Same input metadata | Sorted inputs | Inputs | Outputs | Java | CTL | Auto-propagated metadata |
---|---|---|---|---|---|---|
- |
⨯ |
1 |
1-N |
⨯ |
⨯ |
✓ |
Ports
Port type | Number | Required | Description | Metadata |
---|---|---|---|---|
Input |
0 |
✓ |
For input data records |
Any |
Output |
0 |
✓ |
For sampled data records |
Input0 |
DataSampler attributes
Attribute | Req | Description | Possible values |
---|---|---|---|
Basic |
|||
Sampling method |
yes |
The filtering strategy that determines which records will be passed to the output. Individual strategies you can choose from are described in Details. |
Simple|Systematic|Stratified|PPS |
Required sample size |
yes |
The desired size of output data expressed as a fraction of the input. If you want the output to be e.g. 15% (roughly) of the input size, set this attribute to 0.15. |
(0; 1) |
Sampling key |
A field name the Sampling method uses to define strata. Field names can be chained in a sequence separated by a colon, semicolon or pipe. Every field can be followed by an order indicator in brackets (a for ascending, d for descending, i for ignore and r for automatic estimate). For description of indicator meaning, see Ordering type. |
e.g. Surname(a); FirstName(i); Salary(d) |
|
Advanced |
|||
Random seed |
A |
<0; N> |
The attribute is required in all sampling methods except for Simple.
Details
DataSampler receives data on its single input edge. It then filters input records and passes only some of them to the output. You can control which input records are passed by selecting one of the filtering strategies called Sampling methods. The input and output metadata have to match each other.
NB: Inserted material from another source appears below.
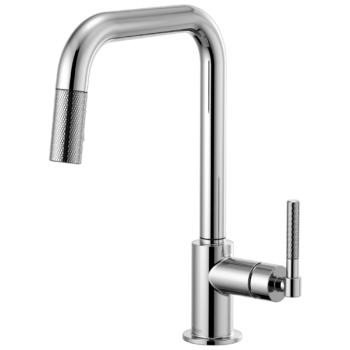 Brizo Litze®: Pull-Down Faucet with Square Spout and Knurled Handle In Chrome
A typical use case for DataSamper can be imagined like this. You want to check whether your data transformation works properly. In case you are processing millions of records, it might be useful to get only a few thousands and observe. Using this component, you can create such data sample.
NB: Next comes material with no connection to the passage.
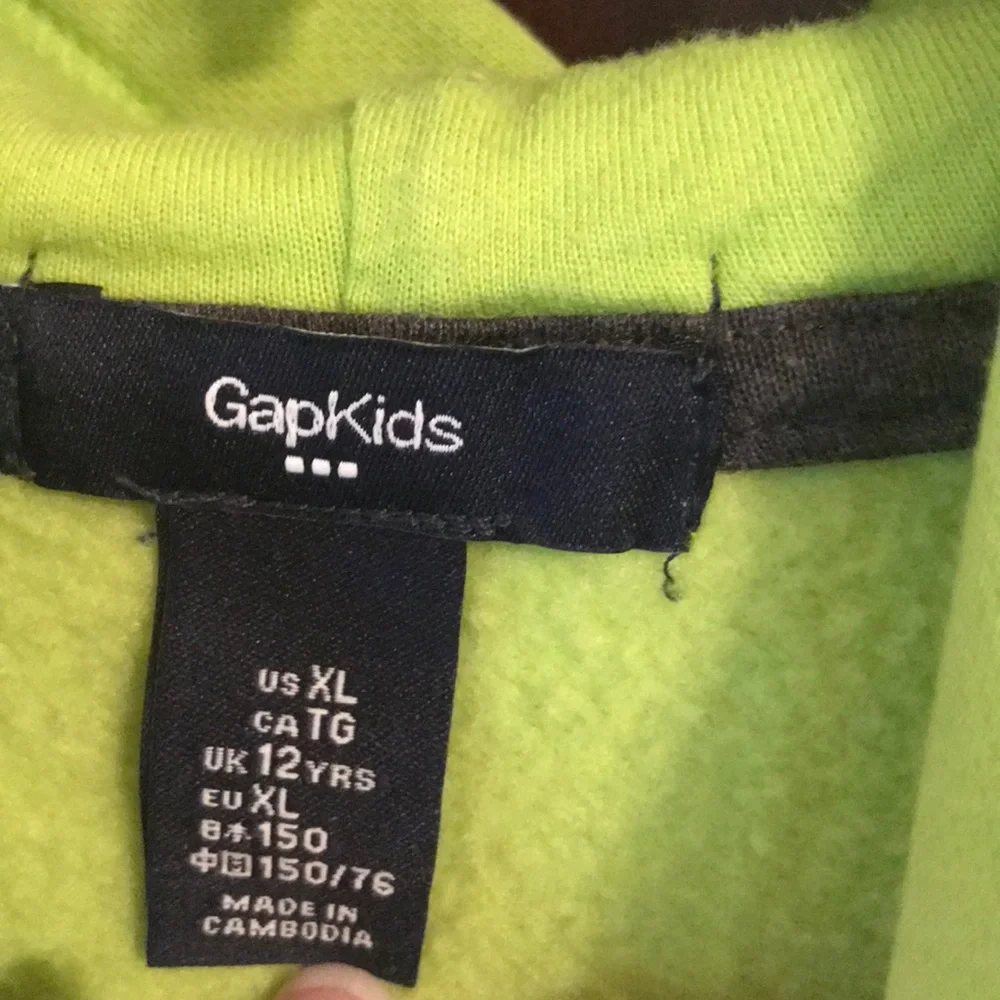 GAP Neon Lime Green Hoodie with Black Lettering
DataSampler offers four Sampling methods to create a representative sample of the whole data set:
-
Simple - every record has an equal chance of being selected. The filtering is based on a
double
value chosen (approximately uniformly) from the <0.0d; 1.0d) interval. A record is selected if the drawn number is lower than Required sample size. -
Systematic - has a random start. It then proceeds by selecting every k-th element of the ordered list. The first element and interval derive from Required sample size. The method depends on the data set being arranged in a sort order given by Sampling key (for the results to be representative).
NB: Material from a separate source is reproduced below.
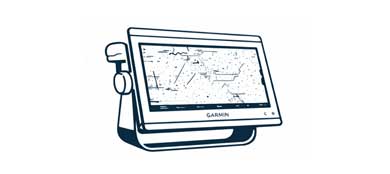 Illustration of a marine navigation screen with a stylus on a white background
There are also cases when you might need to sample an unsorted input. Even though you always have to specify Sampling key, remember you can suppress its sort order by setting the order indicator to i for "ignore". This ensures the data set’s sort order will not be regarded. Example key setting: "InvoiceNumber(i)".
-
Stratified - if the data set contains a number of distinct categories, the set can be organized by these categories into separate strata. Each stratum is then sampled as an independent sub-population out of which individual elements are selected on a random basis. At least one record from each stratum is selected. The record is compared with previous one whether or not it is in the same stratum. If the input is unsorted, stratum may be split into several parts and processed in the same way as more strata.
-
PPS (Probability Proportional to Size Sampling) - probability for each record is set to proportional to its stratum size up to a maximum of 1. Strata are defined by the value of the field you have chosen in Sampling key. The method then uses Systematic sampling for each group of records.
Comparing the methods, Simple random sampling is the simplest and quickest one. It suffices in most cases. Systematic sampling with no sorting order is as fast as Simple and produces a strongly representative data probe, too. Stratified sampling is the trickiest one. It is useful only if the data set can be split into separate groups of reasonable sizes. Otherwise the data probe is much bigger than requested. For a deeper insight into sampling methods in statistics, see Wikipedia.